**Exercise requirements**
Two lines in the data below mark the range: the one with "Fuchsia long sleeve" and the one with "bmw 318d automatik". Return both, along with every line between them, exactly.

**Data shown**
BEGIN
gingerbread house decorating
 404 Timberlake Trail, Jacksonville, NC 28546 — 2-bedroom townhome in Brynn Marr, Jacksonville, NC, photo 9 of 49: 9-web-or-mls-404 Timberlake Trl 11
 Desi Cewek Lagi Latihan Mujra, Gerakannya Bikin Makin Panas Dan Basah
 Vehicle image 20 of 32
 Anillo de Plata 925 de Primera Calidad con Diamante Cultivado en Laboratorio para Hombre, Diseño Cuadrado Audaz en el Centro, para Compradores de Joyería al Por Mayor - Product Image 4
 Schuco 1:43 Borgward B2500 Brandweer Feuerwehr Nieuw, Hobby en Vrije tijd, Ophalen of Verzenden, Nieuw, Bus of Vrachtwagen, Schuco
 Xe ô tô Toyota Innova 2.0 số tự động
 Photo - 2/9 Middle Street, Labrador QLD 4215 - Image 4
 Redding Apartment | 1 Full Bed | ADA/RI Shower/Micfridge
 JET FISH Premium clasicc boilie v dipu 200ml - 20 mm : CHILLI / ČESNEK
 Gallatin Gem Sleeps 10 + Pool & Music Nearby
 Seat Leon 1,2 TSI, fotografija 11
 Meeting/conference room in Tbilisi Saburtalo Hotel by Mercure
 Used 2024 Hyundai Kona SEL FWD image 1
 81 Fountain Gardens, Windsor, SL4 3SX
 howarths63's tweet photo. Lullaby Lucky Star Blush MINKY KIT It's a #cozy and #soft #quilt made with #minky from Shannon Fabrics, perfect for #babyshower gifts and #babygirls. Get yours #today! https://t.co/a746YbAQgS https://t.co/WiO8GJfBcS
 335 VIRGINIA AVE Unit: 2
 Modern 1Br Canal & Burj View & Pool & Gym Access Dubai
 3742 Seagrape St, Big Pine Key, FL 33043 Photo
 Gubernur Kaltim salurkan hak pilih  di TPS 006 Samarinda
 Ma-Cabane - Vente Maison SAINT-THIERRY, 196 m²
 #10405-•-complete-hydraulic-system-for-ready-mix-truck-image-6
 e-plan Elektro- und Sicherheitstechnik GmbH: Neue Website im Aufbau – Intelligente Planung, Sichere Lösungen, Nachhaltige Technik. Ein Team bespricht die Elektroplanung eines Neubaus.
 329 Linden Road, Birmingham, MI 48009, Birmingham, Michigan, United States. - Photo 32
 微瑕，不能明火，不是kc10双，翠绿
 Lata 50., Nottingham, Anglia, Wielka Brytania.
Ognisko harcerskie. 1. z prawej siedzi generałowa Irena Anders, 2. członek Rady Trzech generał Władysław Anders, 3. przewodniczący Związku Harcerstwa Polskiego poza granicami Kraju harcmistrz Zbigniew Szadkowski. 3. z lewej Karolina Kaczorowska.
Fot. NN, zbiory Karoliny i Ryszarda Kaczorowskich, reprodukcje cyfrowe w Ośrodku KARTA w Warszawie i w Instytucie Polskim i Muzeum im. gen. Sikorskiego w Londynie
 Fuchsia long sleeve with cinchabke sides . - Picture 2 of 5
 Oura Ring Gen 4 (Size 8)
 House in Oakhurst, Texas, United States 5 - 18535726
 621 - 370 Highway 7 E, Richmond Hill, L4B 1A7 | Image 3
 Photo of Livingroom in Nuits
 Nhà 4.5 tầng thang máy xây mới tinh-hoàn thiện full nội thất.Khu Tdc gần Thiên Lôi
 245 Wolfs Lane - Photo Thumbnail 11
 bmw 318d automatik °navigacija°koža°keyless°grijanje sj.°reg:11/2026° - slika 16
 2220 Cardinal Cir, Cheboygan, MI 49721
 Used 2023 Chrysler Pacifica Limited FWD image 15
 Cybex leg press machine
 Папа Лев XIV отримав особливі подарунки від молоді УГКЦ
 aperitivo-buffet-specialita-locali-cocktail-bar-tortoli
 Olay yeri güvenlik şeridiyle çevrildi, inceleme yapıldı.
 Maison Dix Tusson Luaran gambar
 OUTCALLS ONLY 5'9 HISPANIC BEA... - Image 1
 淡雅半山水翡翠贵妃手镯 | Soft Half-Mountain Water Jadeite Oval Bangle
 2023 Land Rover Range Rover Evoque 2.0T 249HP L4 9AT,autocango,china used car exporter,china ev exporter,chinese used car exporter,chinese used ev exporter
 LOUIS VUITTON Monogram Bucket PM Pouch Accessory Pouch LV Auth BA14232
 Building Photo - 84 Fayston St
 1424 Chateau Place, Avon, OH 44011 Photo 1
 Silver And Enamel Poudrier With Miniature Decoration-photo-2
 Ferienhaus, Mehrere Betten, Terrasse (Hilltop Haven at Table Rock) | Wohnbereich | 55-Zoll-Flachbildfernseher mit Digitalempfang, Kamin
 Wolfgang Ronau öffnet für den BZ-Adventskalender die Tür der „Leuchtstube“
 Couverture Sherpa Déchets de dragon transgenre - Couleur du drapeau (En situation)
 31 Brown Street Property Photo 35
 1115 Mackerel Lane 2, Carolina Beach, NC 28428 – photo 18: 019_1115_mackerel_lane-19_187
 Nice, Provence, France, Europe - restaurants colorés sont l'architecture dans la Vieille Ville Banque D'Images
END
**Response to this exercise**
 Fuchsia long sleeve with cinchabke sides . - Picture 2 of 5
 Oura Ring Gen 4 (Size 8)
 House in Oakhurst, Texas, United States 5 - 18535726
 621 - 370 Highway 7 E, Richmond Hill, L4B 1A7 | Image 3
 Photo of Livingroom in Nuits
 Nhà 4.5 tầng thang máy xây mới tinh-hoàn thiện full nội thất.Khu Tdc gần Thiên Lôi
 245 Wolfs Lane - Photo Thumbnail 11
 bmw 318d automatik °navigacija°koža°keyless°grijanje sj.°reg:11/2026° - slika 16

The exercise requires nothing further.